According to a report by Al-Shahed daily, “Farwaniya Security Director Brigadier Saleh Al-Enezi has ordered to shave the heads of molesters and harassers to serve as a deterrent for others. According to security sources, several complaints were lodged by families about facing harassment by youths in public markets and commercial malls. Brigadier Al-Enezi then ordered to deploy security teams in popular markets and malls to catch such youths and shave their heads as punishment.
They revealed that this decision was applied on some teenagers who were caught misbehaving in a popular mall in Al-Rai area” (Feb 5, 2016). Whether the recent report about the shaving of eveteasers’ heads is accurate or otherwise, the problem of eveteasing seems to happen only in Middle Eastern societies! According to Wikipedia, eveteasing is “a form of sexual aggression that ranges in severity from sexually suggestive remarks, brushing in public places and catcalls to outright groping.” European laws categorize any form of eveteasing as sexual harassment.
However, I have always wondered whether the influx of asylum seekers would change the face of Europe over time! In fact, when one reflects about the recent sexual harassment crimes committed in Cologne, Germany, one wonders whether we will witness the rise of other “imported” types of Middle Eastern crimes.
In other words, accepting an unprecedented influx of mostly economic migrants into Western societies is a mixed package. In addition to facing great difficulties in assimilating the newly arrived into the mainstream Western culture, European governments for example, need to tackle new kinds of social problems, created by the presence of so many non-European individuals, some of whom might not adhere to local laws and regulations.

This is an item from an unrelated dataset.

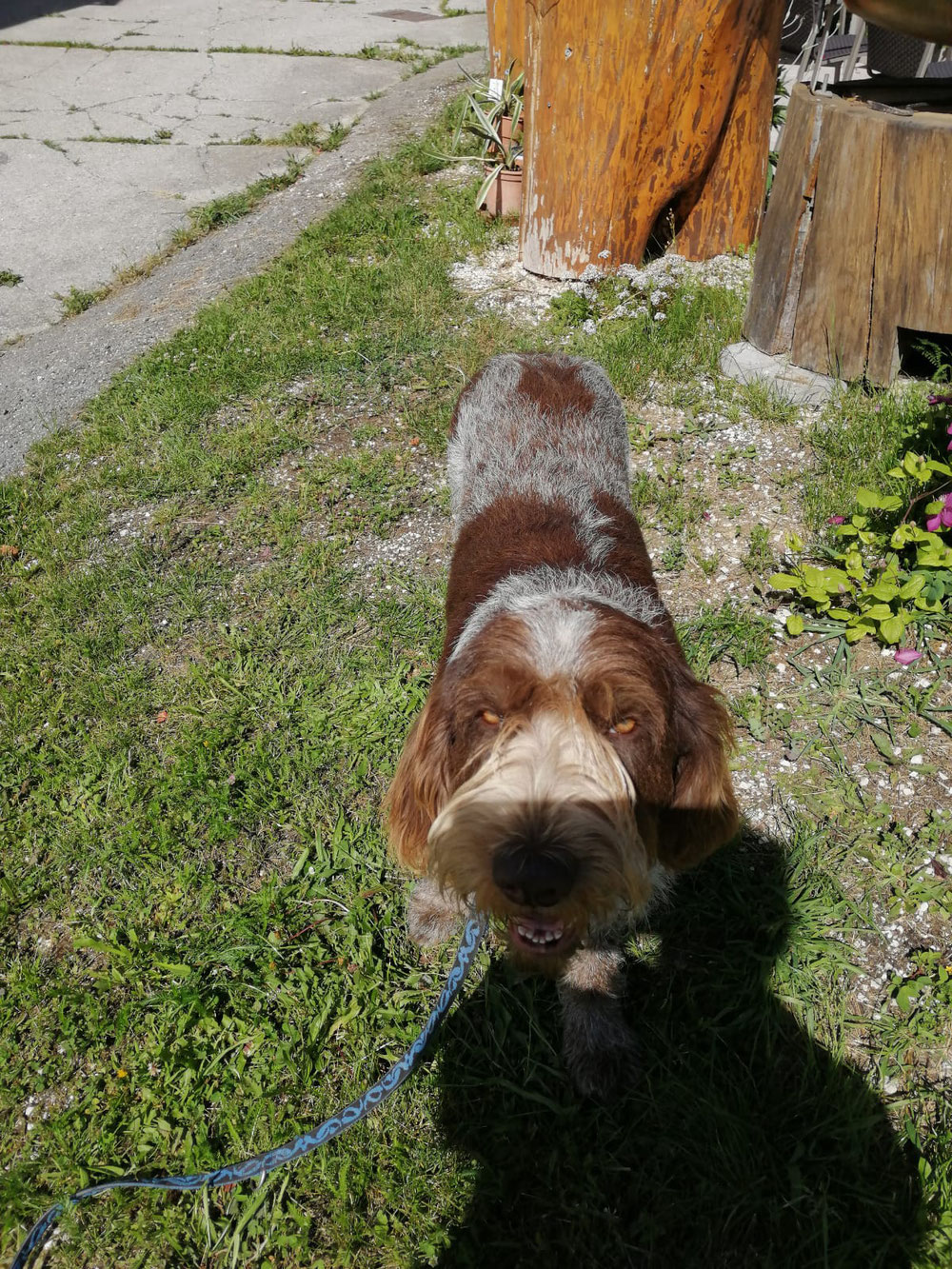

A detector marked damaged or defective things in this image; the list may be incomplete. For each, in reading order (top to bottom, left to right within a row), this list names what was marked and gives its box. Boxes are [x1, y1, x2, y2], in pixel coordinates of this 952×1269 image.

cracked pavement [0, 0, 484, 343]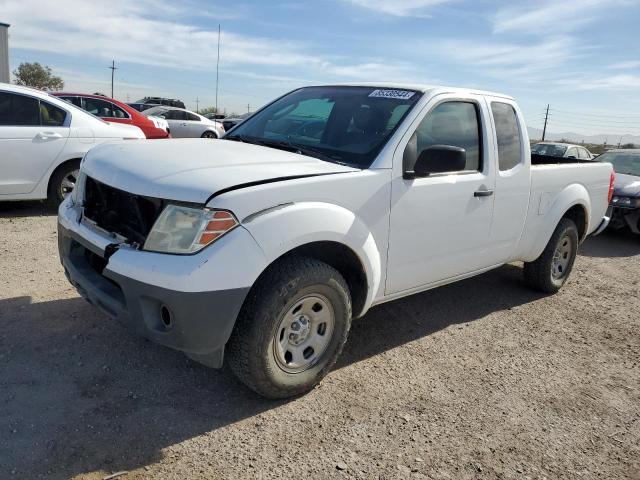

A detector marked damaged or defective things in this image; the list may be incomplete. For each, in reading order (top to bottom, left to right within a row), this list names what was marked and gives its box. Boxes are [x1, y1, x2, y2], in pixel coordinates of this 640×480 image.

It is sometimes difficult however for a typical Western mind to understand fully the implications of eveteasing in the ME. For instance, in Western democratic societies, sexually harassing women in private or public places is a punishable crime.
However, in the Middle East, there is a general tendency to use sometimes euphemisms to describe some anti-women behaviors. For example, some media coverage in some parts of the Arab world tend to rephrase sexually harassing women in public through insisting on describing such behaviors as “eve-teasing,” a rewording used to cover the horrible realities of such sexual crimes.
The recent sexual crimes allegedly committed by some Arab or ME asylum seekers in Cologne (Germany) may perhaps reveal a deeper Middle-Eastern psychological problem: the inability or perhaps the unwillingness of some migrants to adjust and adapt to the mainstream European standard behaviors of civil conduct.